つまり慰謝料とは、不法行為による損害賠償請求なわけですから、夫婦のどちらか一方に主たる有責行為がある場合に慰謝料の請求が認められ、双方に有責行為となるものがない場合や双方に婚姻関係を破綻させる行為があった場合、一方の責任とは決められない場合には慰謝料の請求は認められないのです。 慰謝料の金額に、この有責の割合が影響します。

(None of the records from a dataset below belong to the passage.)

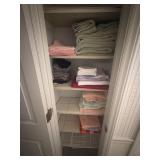 closet of linens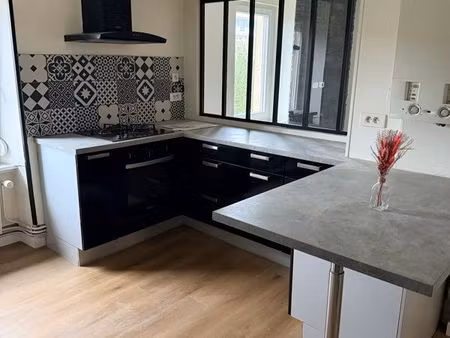 appartement en location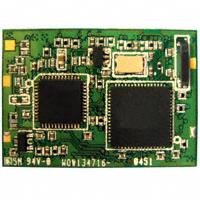 Murata Electronics North America - ZMN2400 - RF TXRX MODULE 802.15.4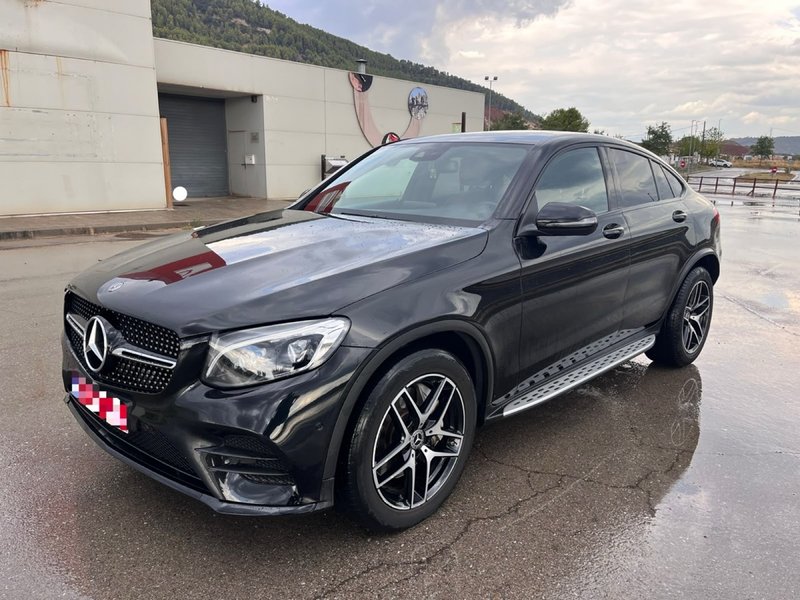 Mercedes-Benz GLC 2019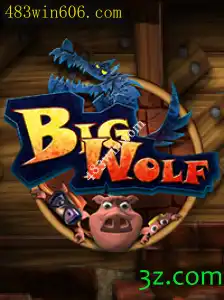 Descubra o Empolgante Mundo de BigWolf: O Jogo que Está Conquistando 483win.com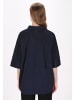 DreiMaster Klassik Women Shirt in navy
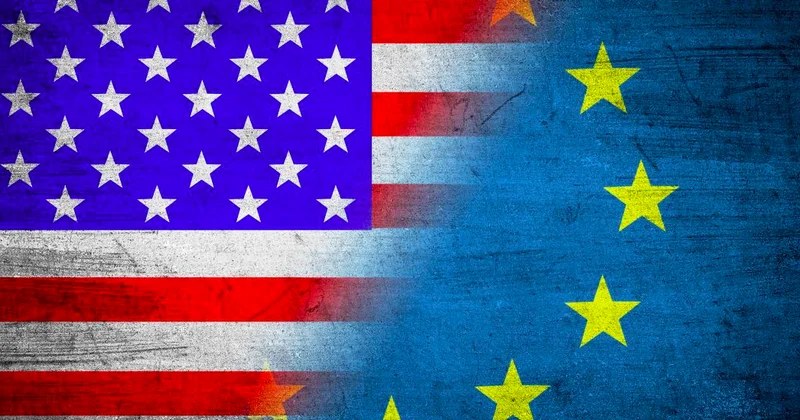 В Германии заявили о "разводе" Европы и США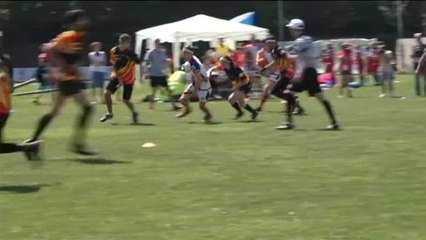 El Quidditch, el nuevo deporte de moda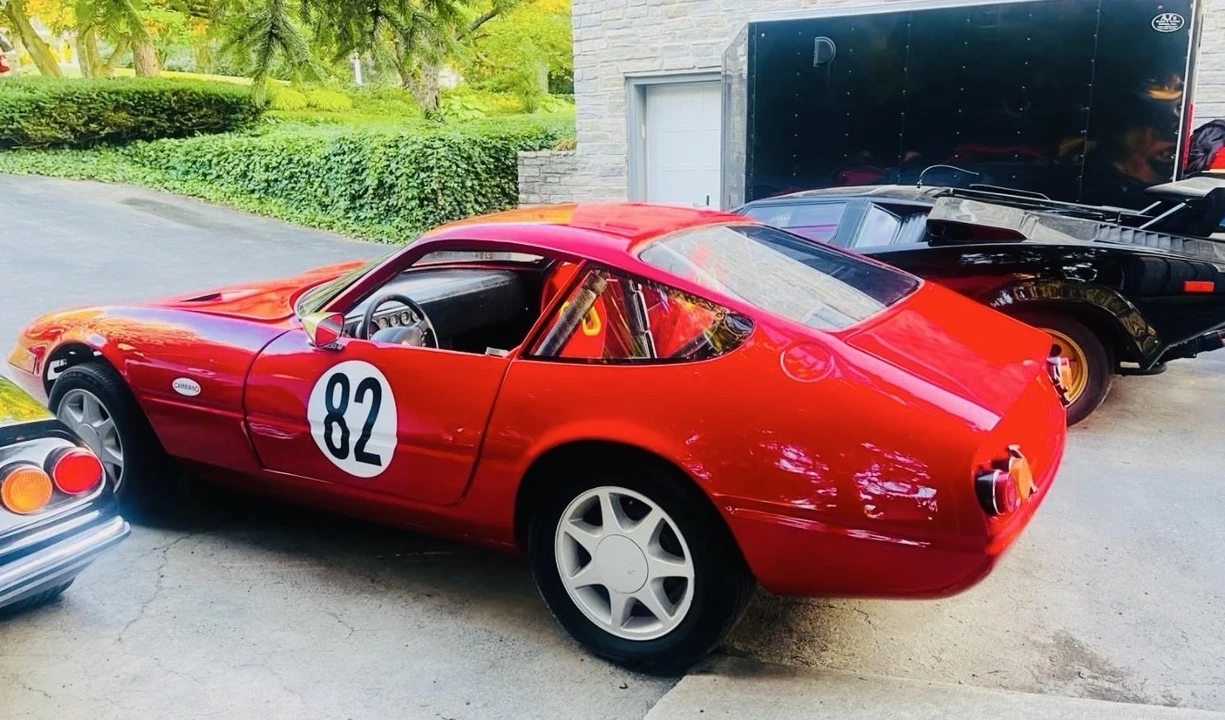 1971 Ferrari Daytona Berlinetta - Image 8 of 13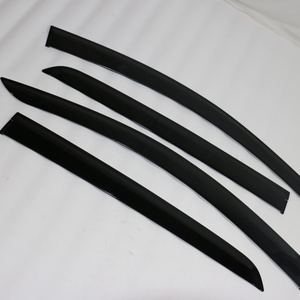 กันสาดประตูหน้าต่างรถยนต์ KQD ขายส่งจากโรงงาน กันแดดหน้าต่างรถยนต์แบบกำหนดเอง สำหรับรถยนต์ Mazda CX-5 ปี 2013-2016 - Product Image 4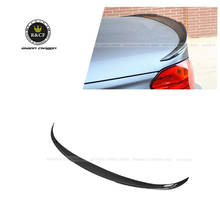 F83 M4 Rear Spoiler Wing// RK Style Carbon Fiber Spoiler For BMW F83 M4 2024 - buy cheap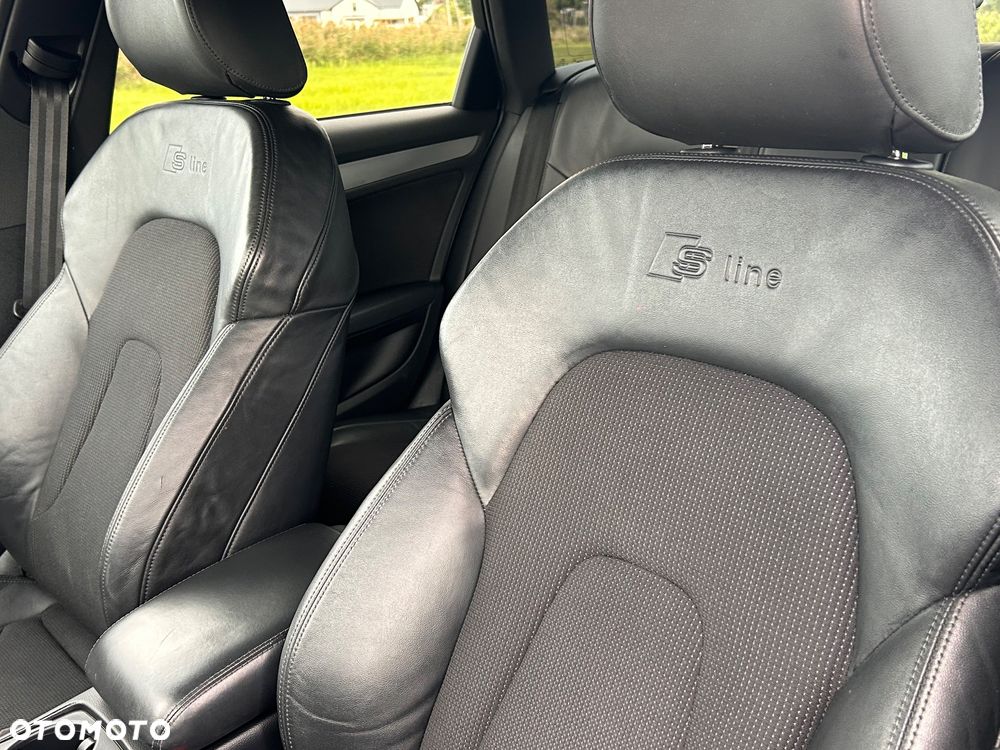 Audi A4 Avant 2.0 TDI DPF multitronic S line Sportpaket (plus) - 18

なお財産分与と同様、慰謝料の請求は離婚成立前でも成立後でも可能です。但し、慰謝料を離婚後に請求する場合、時効は離婚成立日から起算して3年です。それ以後請求することはできません。
離婚に伴う慰謝料の相場 算定の基準
慰謝料は一切の事情を総合判断して決められますので,明確な相場はありません。
- 暴力、不貞(浮気)など有責行為の程度、態様
- 精神的苦痛の度合い
- 結婚から離婚までの経緯
- 年齢、社会的地位
- 収入、財産
- 子の有無
- 離婚後の生活状況
上記の要素を考慮して金額が決められます
また慰謝料を分割払いにするような場合には公正証書で取り決めをする事をおすすめします
慰謝料と財産分与の関係
慰謝料は精神的苦痛を金銭に評価したものであり,財産分与は婚姻中の夫婦共有財産の清算でありますが,財産分与にも慰謝料的要素がありますので調停などではさほど厳密に区別される事もありません。
婚姻費用とは?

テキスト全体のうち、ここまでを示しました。